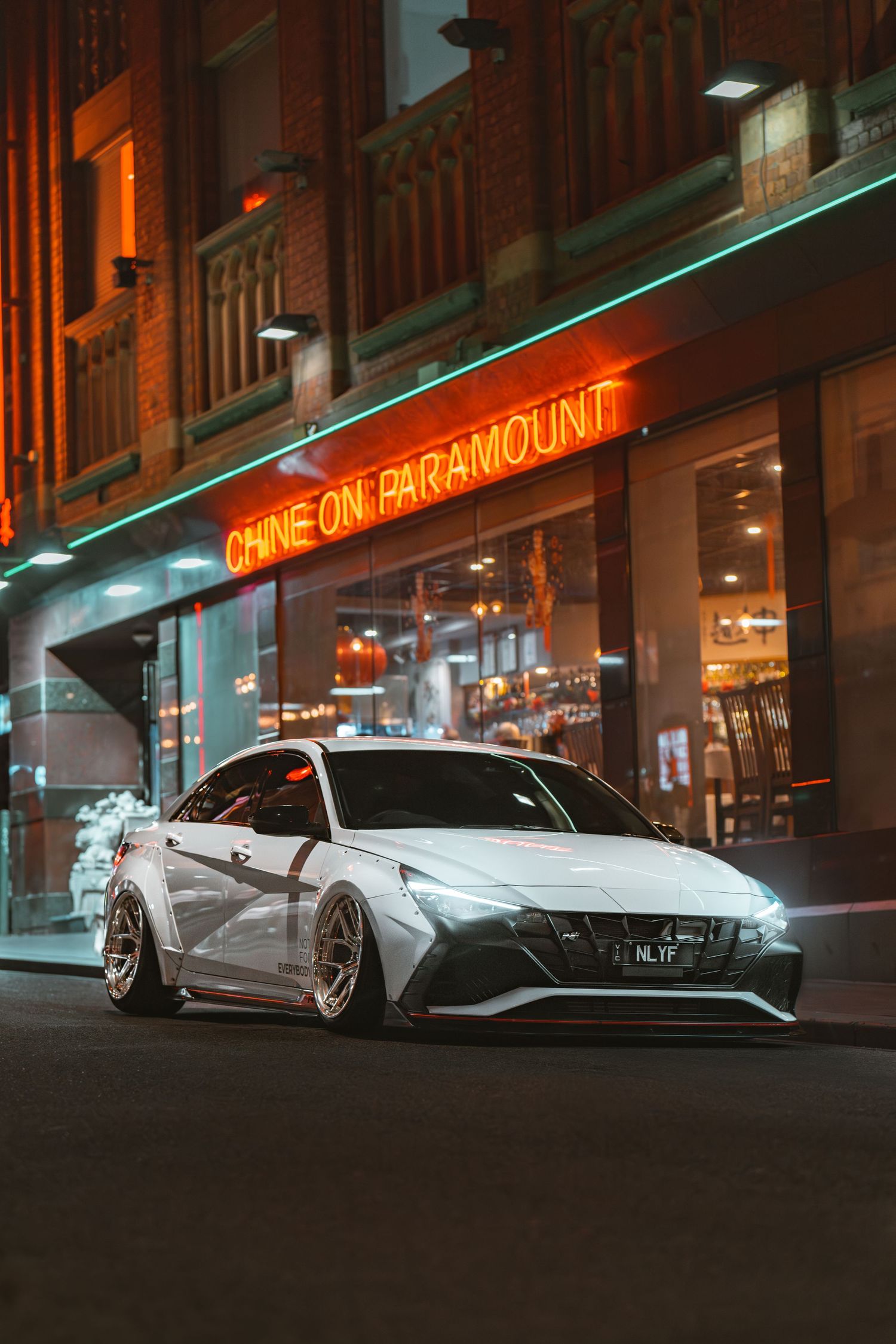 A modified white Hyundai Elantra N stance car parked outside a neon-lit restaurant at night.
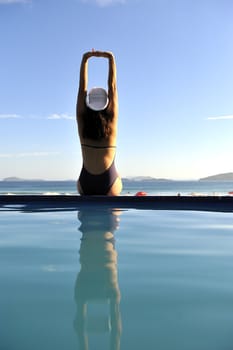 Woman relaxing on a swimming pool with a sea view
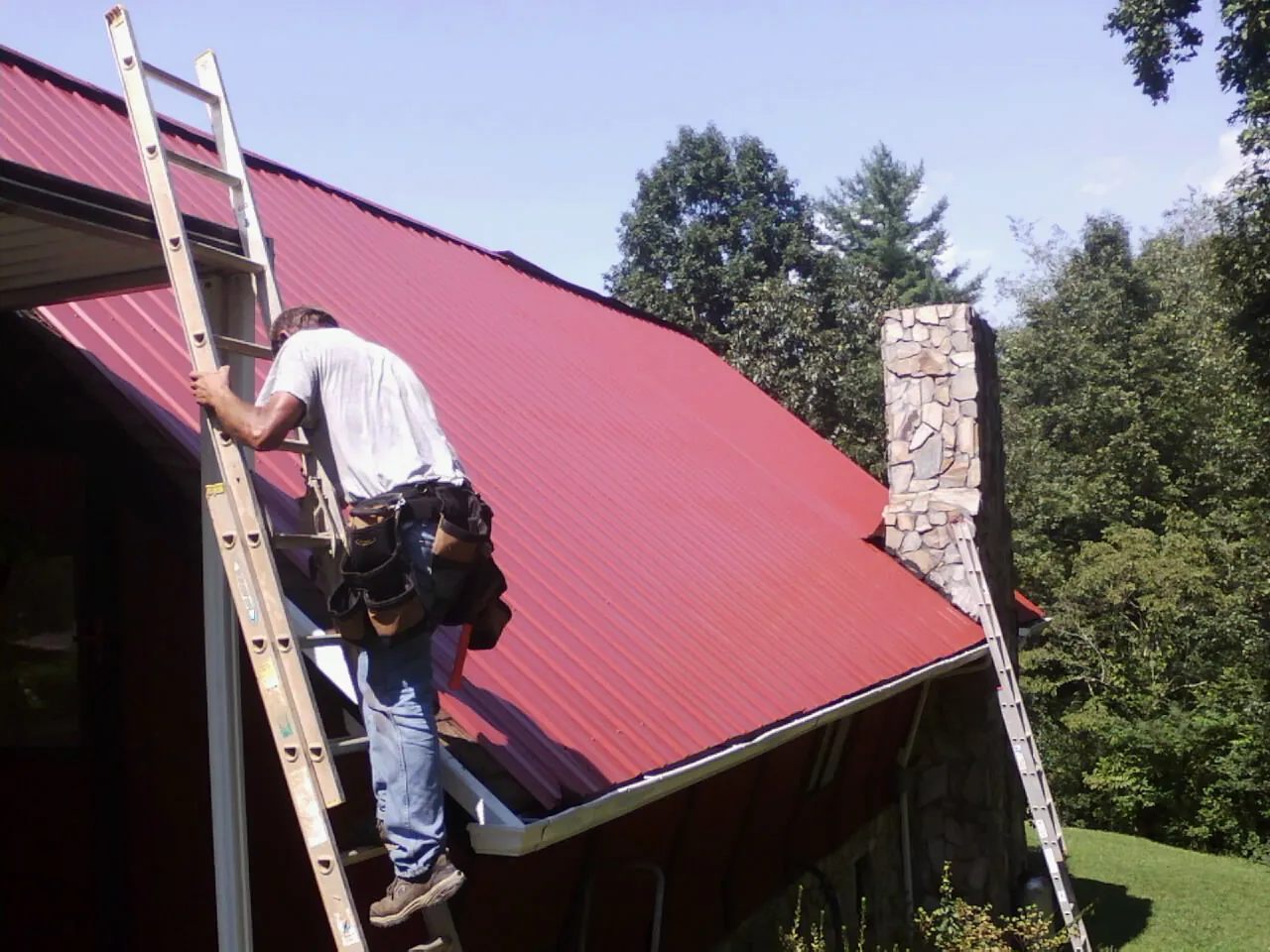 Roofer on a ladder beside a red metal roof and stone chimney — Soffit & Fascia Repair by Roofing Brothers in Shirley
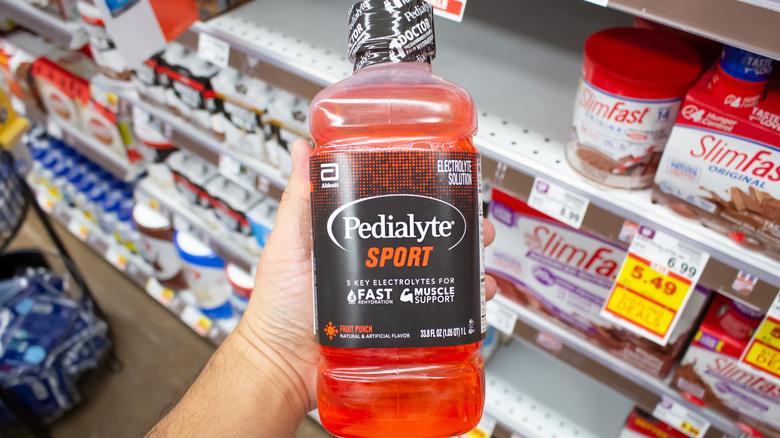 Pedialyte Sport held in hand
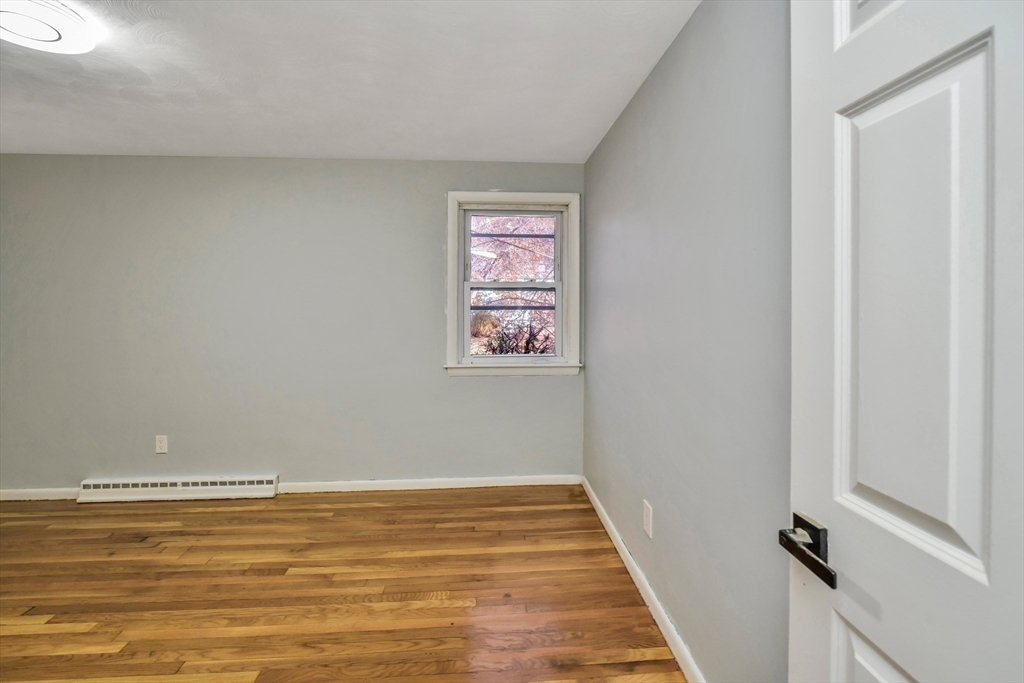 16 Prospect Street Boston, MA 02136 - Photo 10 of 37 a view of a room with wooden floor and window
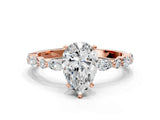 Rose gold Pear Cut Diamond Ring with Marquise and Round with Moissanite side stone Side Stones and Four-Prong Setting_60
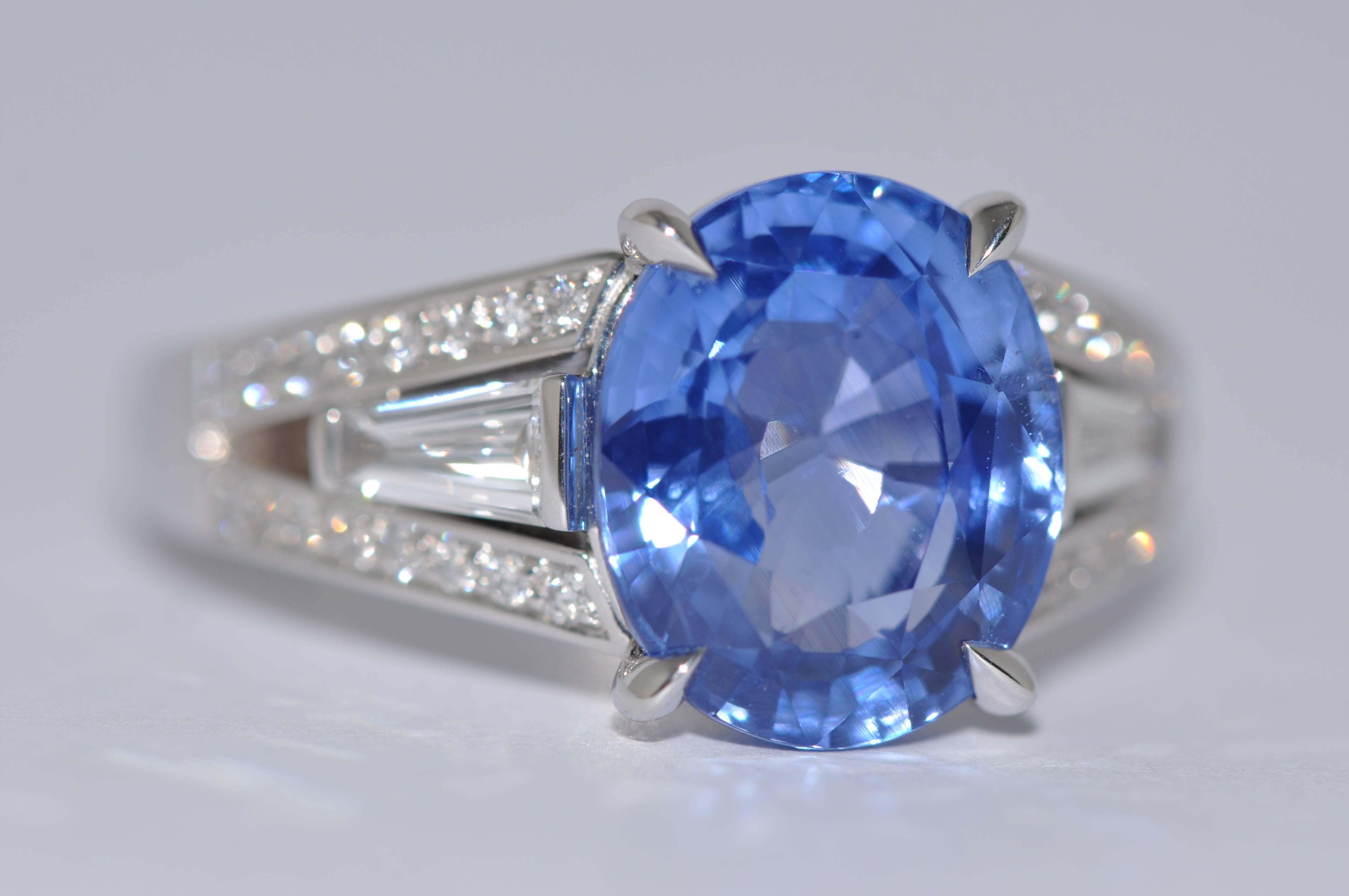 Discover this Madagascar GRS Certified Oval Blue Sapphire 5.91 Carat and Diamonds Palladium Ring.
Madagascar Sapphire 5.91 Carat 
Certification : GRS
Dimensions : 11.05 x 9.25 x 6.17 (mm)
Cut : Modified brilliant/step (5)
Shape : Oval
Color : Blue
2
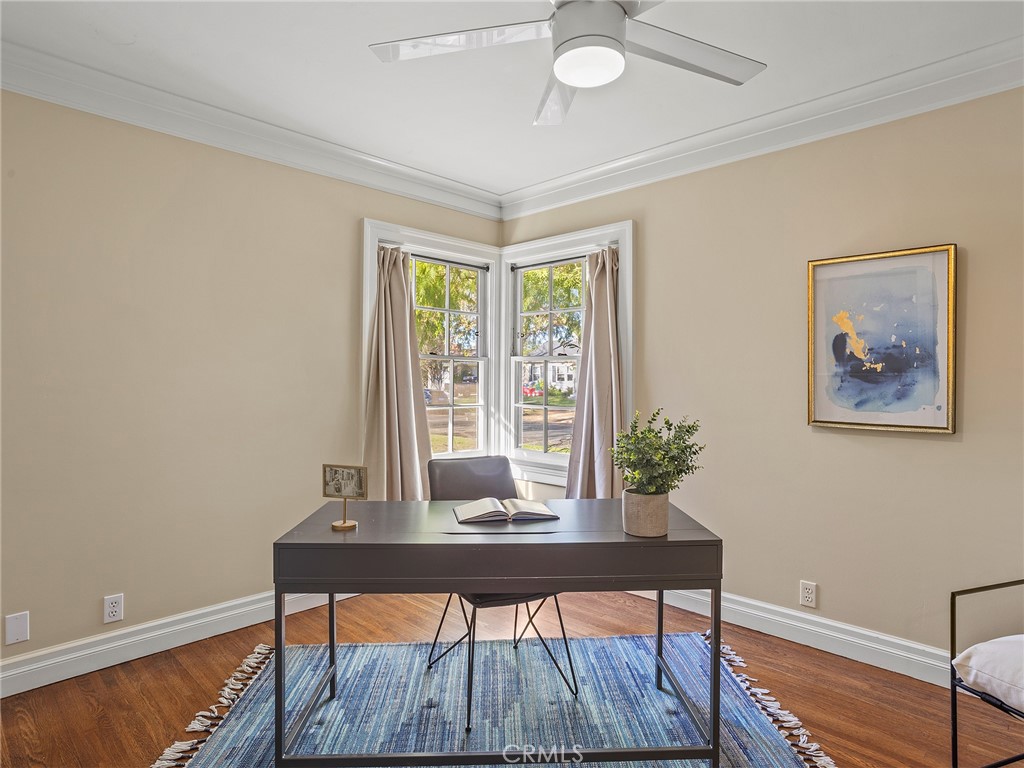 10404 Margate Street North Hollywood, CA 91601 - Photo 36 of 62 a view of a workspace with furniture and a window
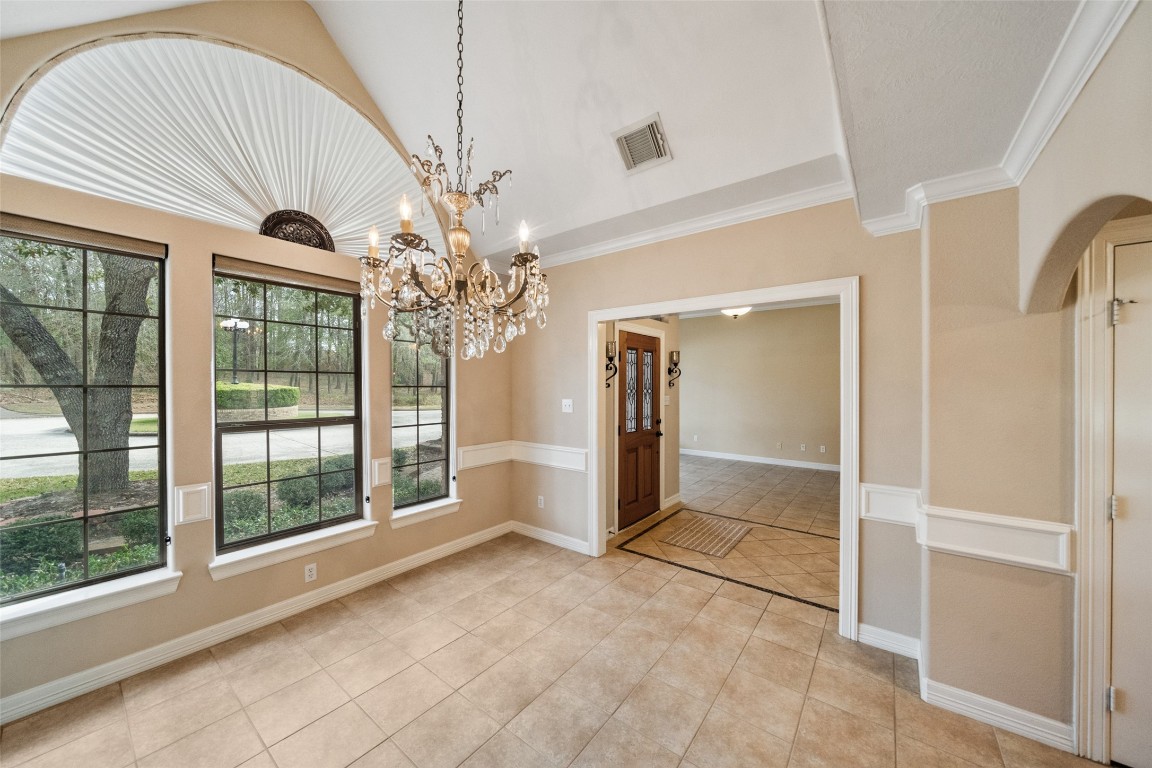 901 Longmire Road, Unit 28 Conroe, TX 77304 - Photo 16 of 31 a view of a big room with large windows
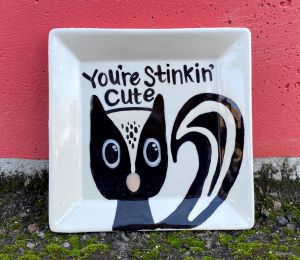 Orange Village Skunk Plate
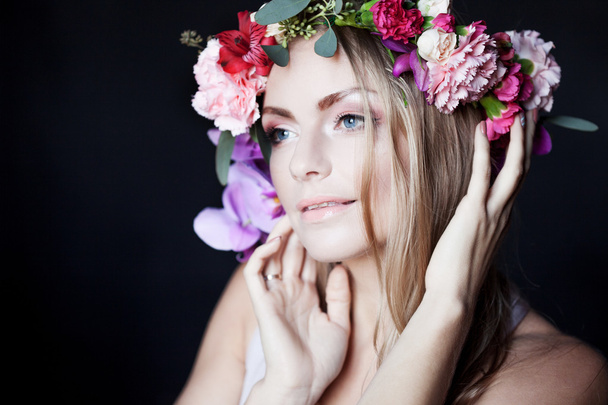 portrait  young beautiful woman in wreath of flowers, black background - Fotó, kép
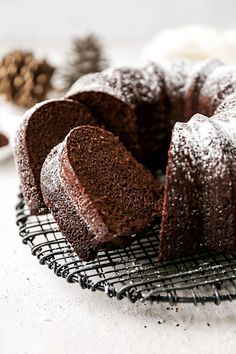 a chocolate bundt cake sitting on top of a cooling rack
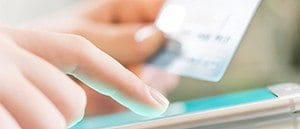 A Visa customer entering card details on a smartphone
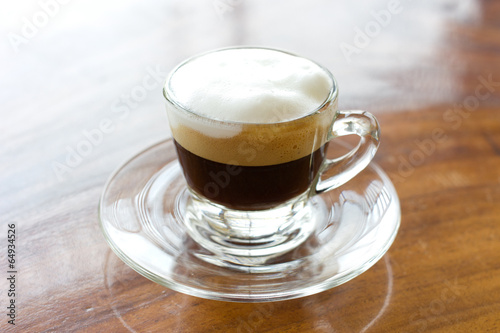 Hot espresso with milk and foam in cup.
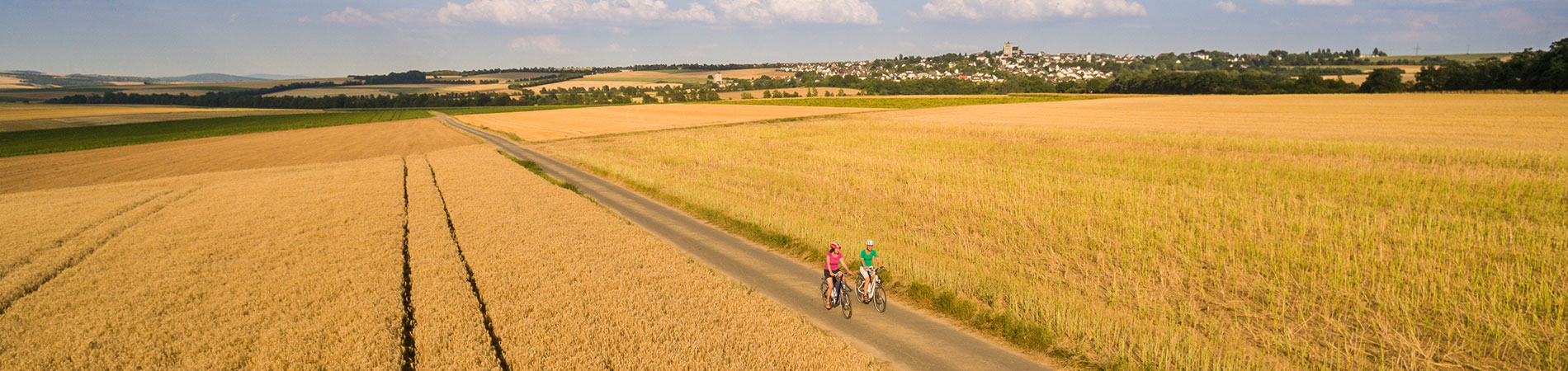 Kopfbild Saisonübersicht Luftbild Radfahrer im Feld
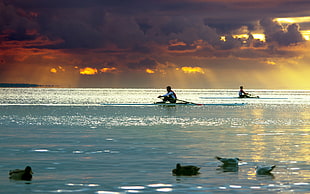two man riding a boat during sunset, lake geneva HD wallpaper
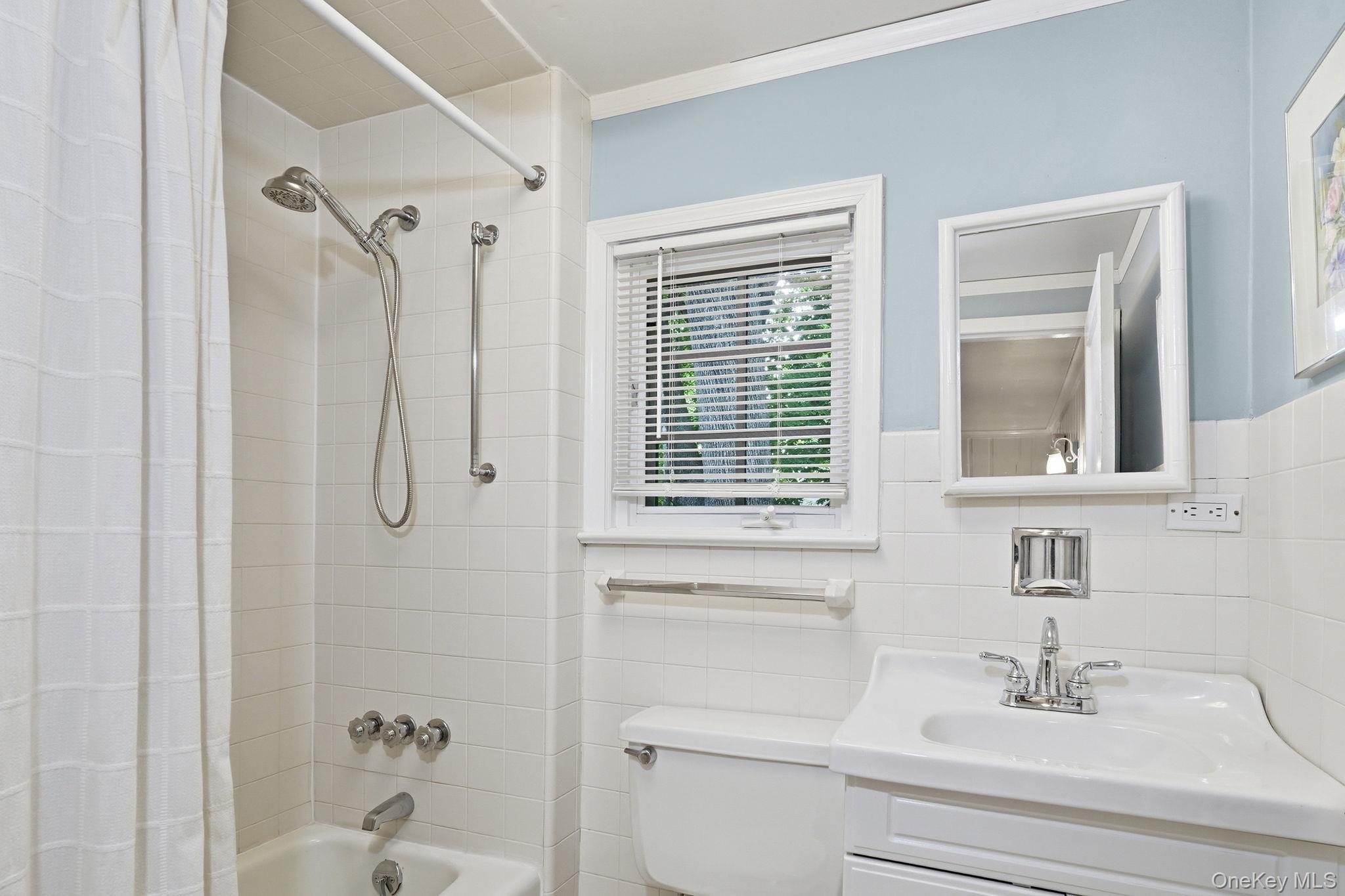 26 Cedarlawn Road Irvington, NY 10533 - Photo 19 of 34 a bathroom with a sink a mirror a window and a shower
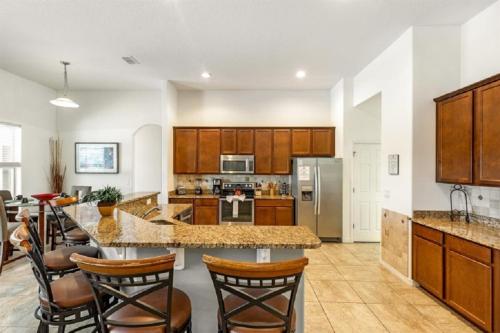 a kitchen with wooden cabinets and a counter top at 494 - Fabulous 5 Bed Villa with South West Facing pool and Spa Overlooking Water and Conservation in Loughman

## WORK ORDER
All lines from the one containing "Roofer on a" to the last line of the records above, and no others, should be returned unchanged, without pictures.

## REPLY
 Roofer on a ladder beside a red metal roof and stone chimney — Soffit & Fascia Repair by Roofing Brothers in Shirley
 Pedialyte Sport held in hand
 16 Prospect Street Boston, MA 02136 - Photo 10 of 37 a view of a room with wooden floor and window
 Rose gold Pear Cut Diamond Ring with Marquise and Round with Moissanite side stone Side Stones and Four-Prong Setting_60
 Discover this Madagascar GRS Certified Oval Blue Sapphire 5.91 Carat and Diamonds Palladium Ring.
Madagascar Sapphire 5.91 Carat 
Certification : GRS
Dimensions : 11.05 x 9.25 x 6.17 (mm)
Cut : Modified brilliant/step (5)
Shape : Oval
Color : Blue
2
 10404 Margate Street North Hollywood, CA 91601 - Photo 36 of 62 a view of a workspace with furniture and a window
 901 Longmire Road, Unit 28 Conroe, TX 77304 - Photo 16 of 31 a view of a big room with large windows
 Orange Village Skunk Plate
 portrait  young beautiful woman in wreath of flowers, black background - Fotó, kép
 a chocolate bundt cake sitting on top of a cooling rack
 A Visa customer entering card details on a smartphone
 Hot espresso with milk and foam in cup.
 Kopfbild Saisonübersicht Luftbild Radfahrer im Feld
two man riding a boat during sunset, lake geneva HD wallpaper
 26 Cedarlawn Road Irvington, NY 10533 - Photo 19 of 34 a bathroom with a sink a mirror a window and a shower
 a kitchen with wooden cabinets and a counter top at 494 - Fabulous 5 Bed Villa with South West Facing pool and Spa Overlooking Water and Conservation in Loughman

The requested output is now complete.